C’est décidé, je n’irai pas, et le temps qu’il fait – plutôt beau en Bretagne –, ce que j’ai à faire par ailleurs – plutôt dense – n’y sont pour rien. Je ne consentirai pas à ce rituel, car je n’en vois aucune raison qui tienne à l’analyse plus longtemps qu’un passage dans l’isoloir.

Tout d’abord, mon vote ne servirait à rien, car que vaut une voix sur quelques centaines de millions ? Autant jouer à l’euromillion ! Ce qui me laisse à penser qu’une élection, dans un corps électoral si vaste, n’a aucun sens, et ne peut que dissoudre le processus démocratique ; le dissoudre, donc le ruiner.

Mais si, sur le registre de l’efficacité, mon vote ne servait à rien, peut-être aurait-il quelques vertus en me permettant, par exemple, de communier, dans cet acte objectivement gratuit, avec la communauté à laquelle j’appartiens.
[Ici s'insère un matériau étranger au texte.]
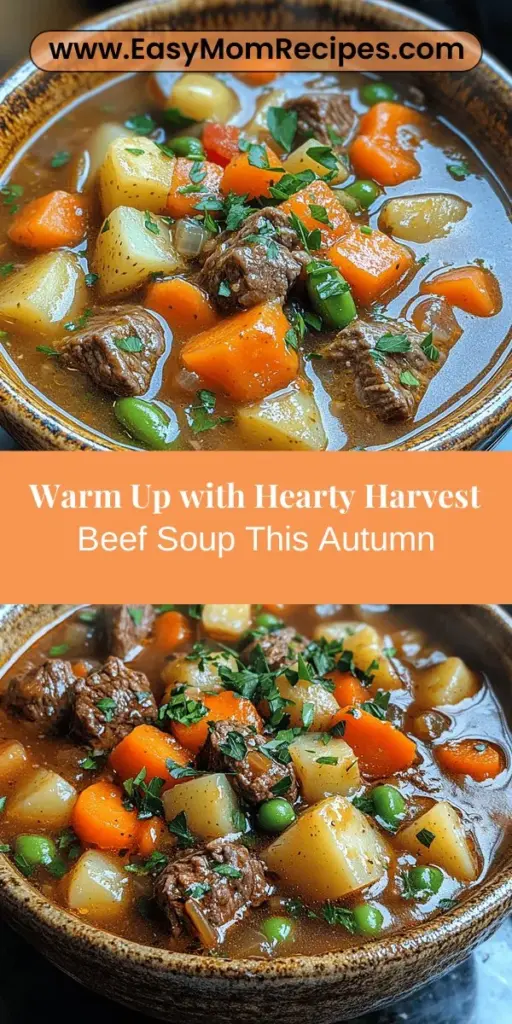 Warm up your autumn evenings with a bowl of Hearty Harvest Beef Soup. This comforting dish combines tender beef with a delightful mix of seasonal vegetables for a nourishing meal that brings family and friends together. Packed with essential nutrients, including protein and vitamins, this recipe highlights the beauty of fresh, local ingredients. Embrace the flavors of fall while creating lasting memories around the dinner table with this satisfying soup. Perfect for any gathering or cozy night in!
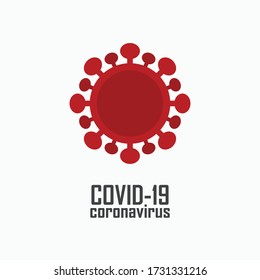 Coronavirus Bacterial Cell Icon, Covid-2019, China, Vector Icons, red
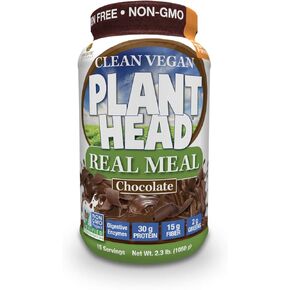 Plant Head Real Meal Organic Plant Based Protein Powder, Vanilla - Vegan, Low Net Carbs, Non Dairy, Gluten Free, Lactose Free, No Sugar Added, 2.3 Pound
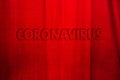 Velvet fabric with text Caronavirus Royalty Free Stock Photo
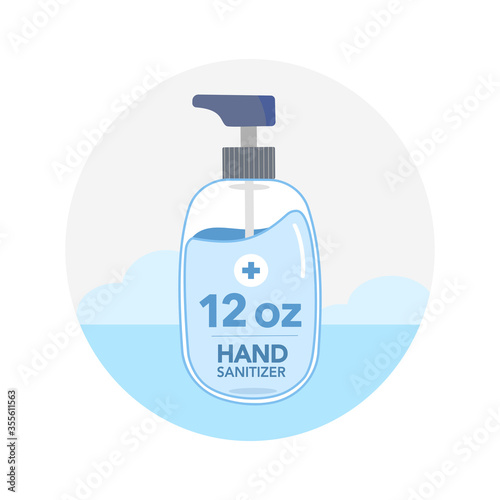 Hand sanitizer 12 oz (ounces) pump bottle for passenger or travelers carry-on bags to prevent from virus and bacterial. Traveling During the COVID-19 or Coronavirus Pandemic and hand hygiene concept.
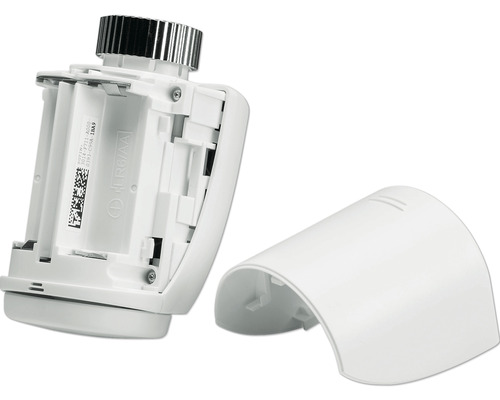 Thermostat mit offenem Batteriefach und abgenommener Abdeckung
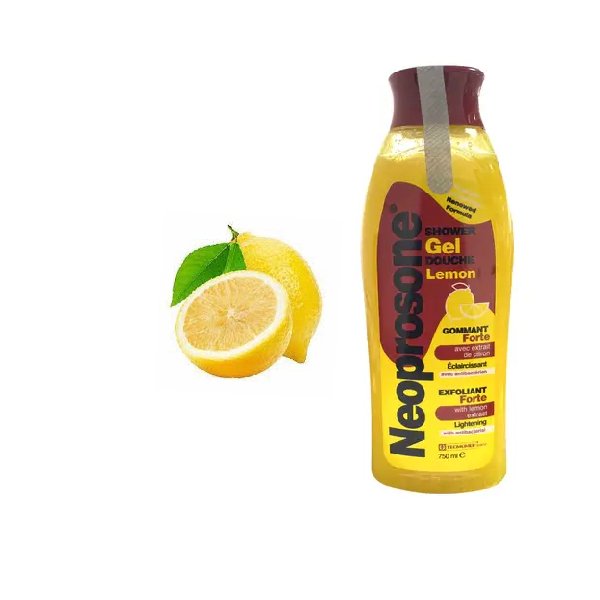 Gel douche gommant forte éclaircissant antibactérien avec extrait de citron. NEOPROSONE Shower gel exfoliant forte lightening with antibacterial with lemon extract - Premium soins du corps from Nkento Ethnik - Just €10! Shop now at Nkento Ethnik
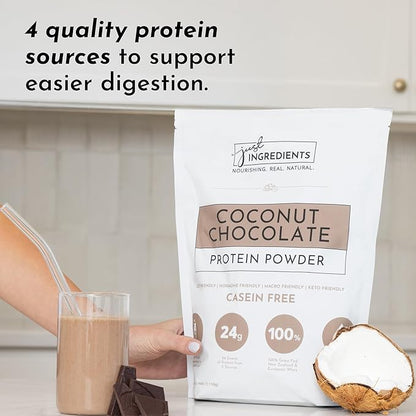 JUST INGREDIENTS Coconut Chocolate Protein Powder ??30-Serving Blend with 100% Grass-Fed Whey & Organic Plant Proteins ??Creamy Coconut Cocoa Flavor ??Supports Muscle Recovery, Energy*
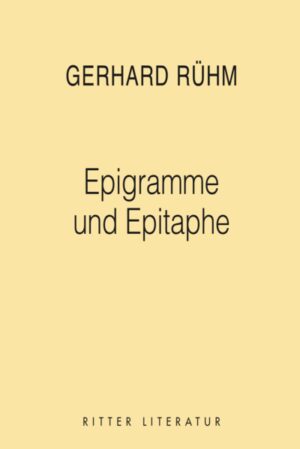 Ein voll Gottvertrauen zerschellter Pilgerbus, ein sogenannter „Ehrenmord“, industrielles Schlachten und anthropogenes Insektensterben, aber auch das Versiegen von Abels freudlosem Leben oder Jungfrau Marias Auferstehung „aus Protektion“: solche und andere Sujets dienen Gerhard Ru?hm als Material fu?r 36 Neuinterpretationen der Gattung „Epitaph“: vom fru?hen Lautgedicht im Wiener Dialekt auf den Selbstmo?rder „dlu?“ bis zu dem mit monovokalen tu?rkischen Wo?rtern verfassten „gedenken an gu?lsu?m“ aus ju?ngster Produktion. Die poetischen Kalku?le und Ru?hms lakonischer Humor konterkarieren den Irrglauben und Gewalt-Eskalationen heutiger Wirklichkeit. Mitreißende Sprachartistik und vom Autor entwickelte Verfahren sprachmusikalischer Transgression ero?ffnen Wege zu einem intensiveren, gleichsam leibbasierten Verstehen. Auch die sechs mal sechs „Epigramme“ beruhen auf singula?ren Text- und Bildkonzepten. Als Einworttafel oder als collagierte Versatzstu?cke aus Zeitungstexten und Kreuzwortra?tseln oder in Gestalt von Wettergraphik, Strichliste, Parkstrafe, Merkzettel u.a.m. durchqueren die Bla?tter die Tradition des Epigramms als biederen Sinnspruch, setzen Impulse fu?r kreative Assoziationen und generieren mittels Formbeziehungen Zusammenhang, (Lebens-)Geschichte in konzentriertester Form.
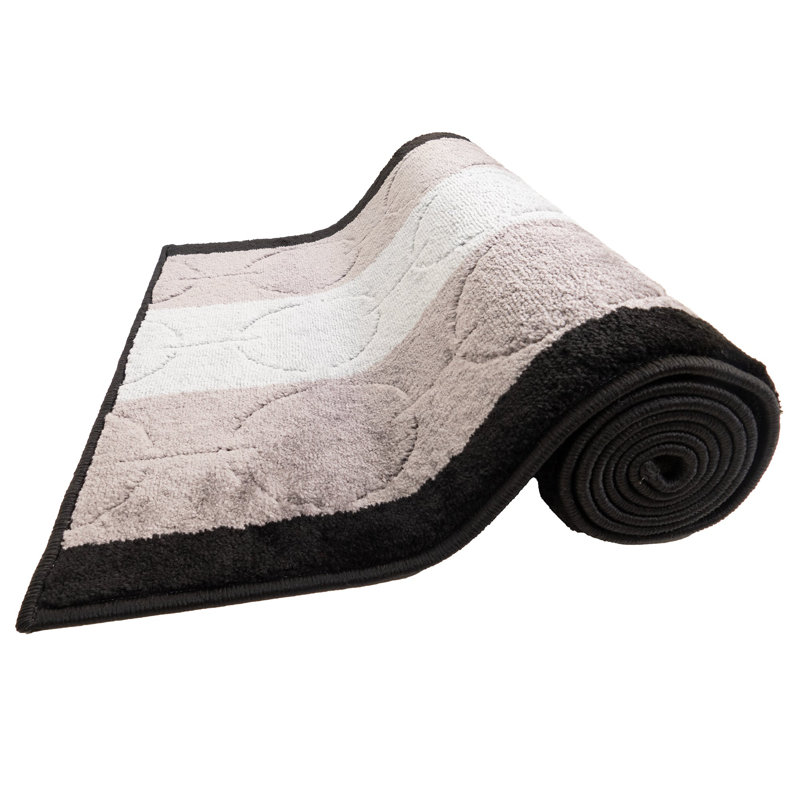 Antibacterial Soft Pile Anti Slip Indoor Runner Rug Geometric Circles Black Design for Hallway Stairway, Runner 2'2" x 15'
Mais non seulement, je ne vois pas cette communauté, mais je n’en vois pas l’embryon en gestation. Je vis en France, à l’extrême ouest du continent européen, mais je me sens plus proche d’un américain new-yorkais ou d’un slave moscovite, que d’un islamiste radical de Vaulx-en-Velin, ou d’un sikh londonien. Et s’agissant des valeurs de l’Europe, l’égalité, l’argent, le travail, ce ne sont pas les miennes.

Je ne me raccrochai donc pas à cette idée de faire corps, de « faire Europe », comme les gens qui parlent la novlangue cul-cultureuse nous le disent aujourd’hui. Reste la défense de l’idée de démocratie. Et bien, justement, je suis trop attaché à la démocratie, trop militant de la chose publique, pour accepter de cautionner cette consultation. La démocratie, ce n’est pas cela. Quand les gens comprendront-ils que, non seulement la démocratie ne se réduit pas au suffrage universel, mais que ce mode de désignation des députés n’est ni garante, ni même nécessaire à la démocratie ? D’ailleurs, et la chose est encore plus claire pour ce type d’élections, on ne demande pas ici aux citoyens de choisir des députés, mais de partager le pouvoir entre quelques partis politiques. Car personne ne connait les candidats, ce qu’ils ont dans le ventre ou dans la tête, ce qu’ils pensent, ce qu’ils veulent. Cette consultation n’est donc qu’un sondage, pour savoir si l’européen, formaté par le système transfrontalier, se revendique à droite ou gauche, et plus ou moins loin du centre de gravité d’une classe politique apolitique et carriériste. Décidément, cela ne me concerne pas. Et pourtant l’eurosceptique qui conclut ici cette courte chronique, reste partisan convaincu de la construction d’une Europe sociale, économique et morale, donc europhile.